House-buying to get cheaper with e-conveyancing

THE legal process of buying a house will be speeded-up and made cheaper when a new proposal to computerise the system being proposed today comes on stream.

House-buying to get cheaper with e-conveyancing

That is the view of the Irish Auctioneers and Valuers Association (IAVI) who last night welcomed the latest proposal to modernise land and property law and bring in e-conveyancing by the end of 2006. The Law Reform Commission is recommending these major changes in new report to be launched by Justice Minister Michael McDowell today.

The Commission is recommending that obsolete land laws dating back to feudal times which gave people rights of succession be abolished and anachronistic laws that still give the British Crown a right to rents here be repealed.

The Commission is also recommending that a system of e-conveyancing be brought in because it would give us an on-line paperless system and save house buyers money.
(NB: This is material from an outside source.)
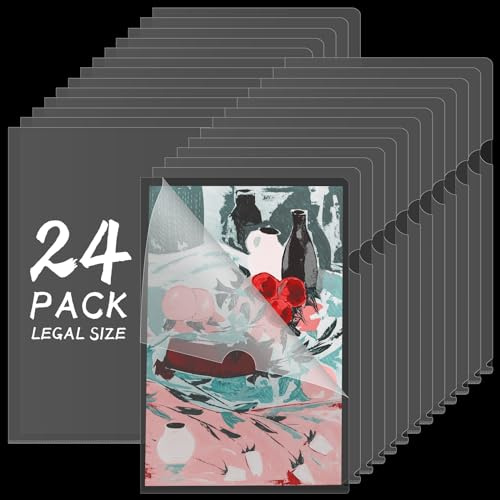 24 Packs Legal Size Clear Project Pocket Sleeves 9”x14.5”L-Type Plastic Folders Project Poly Document Sleeves Project Jacket Sleeves for Home School Office (24)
Now that the Land Registry has a computerised its system there is a greater need to bring in e-conveyancing, the Commission believes.

The Department of Justice is fully supportive of the reform of the conveyancing laws and the introduction of e-Conveyancing. "But the laws will have to be streamlined first before we can bring in the e-conveyancing," a Department spokesman added.

The Irish Association of Auctioneers and Valuers (IAVI) also welcomed the move and said e-conveyancing will improve the system considerably.

"Getting folios and maps from the Land Registry will become much quicker and will ultimately save the house buyers time and money," said IAVI president Peter Tuohy.